Two weeks after a majority of British voters declared they wanted to leave the European Union, there’s still a tremendous amount of uncertainty about how exactly that’s going to happen.
“I’ve not heard anybody on this side of the [English] Channel who has said positive things about the British vote,” said Mitchell Smith, a political economist and the director of the University of Oklahoma’s European Union Center. He’s a frequent contributor to KGOU’s World Views and has been traveling with students in Brussels, the de facto capital of the EU.
The “Brexit” vote still dominates the conversation and news coverage in the UK. The country is still incredibly divided, even though the vote is a done deal.

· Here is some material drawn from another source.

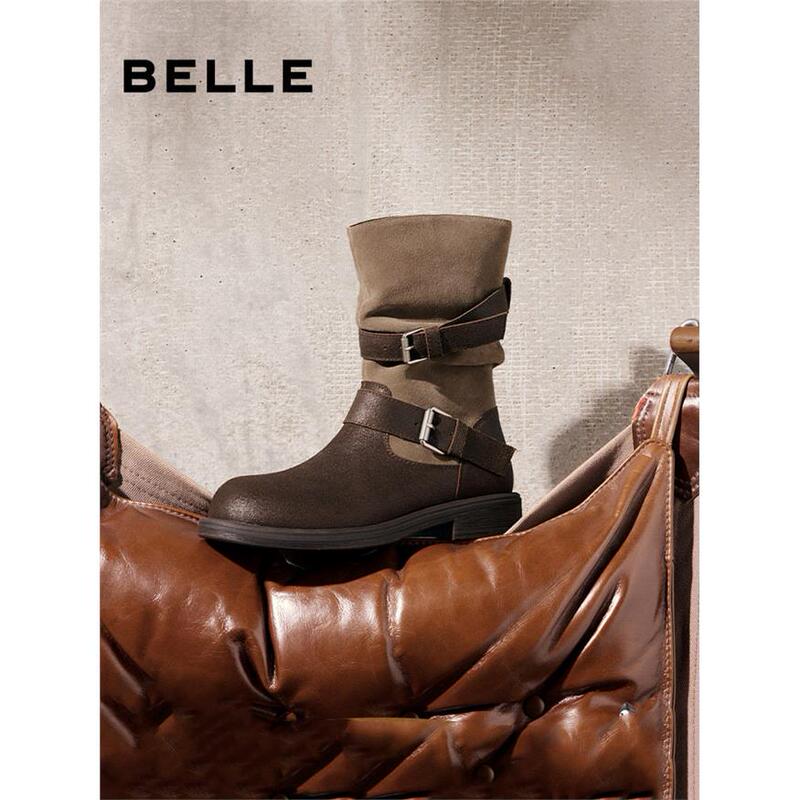 Belle Western Boots Women's Leather Stacked Boots 2026 Winter New Mall Collection Prairie Brown Mid-Calf Boots G4Y2D Belle Western Boots Women's Leather Stacked Boots 2026 Winter New Mall Collection Prairie Brown Mid-Calf Boots G4Y2D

But there’s very little disparity in Continental Europe, and Smith says most of the people he’s talked to are upset, depressed, and concerned about the future. But the EU institutions – the European Commission, the Council, and the Parliament –didn’t expect the “Leave” campaign to triumph, and as a result, EU policymakers are detached from the sentiment of both British citizens and residents of the member states.
“What they’re going to do about it remains somewhat unclear, but I think they’ve received the message,” Smith said. “One, the message that not all is well and something has to change. And secondly, that the initial instinct to punish the British by telling them, ‘OK, now get out as quickly as possible, good riddance, be gone, don't let the door hit you on the way out,’ I think is an understanding now that slowing down the process and negotiating a deal that will be in the interest of both sides is really the best approach.”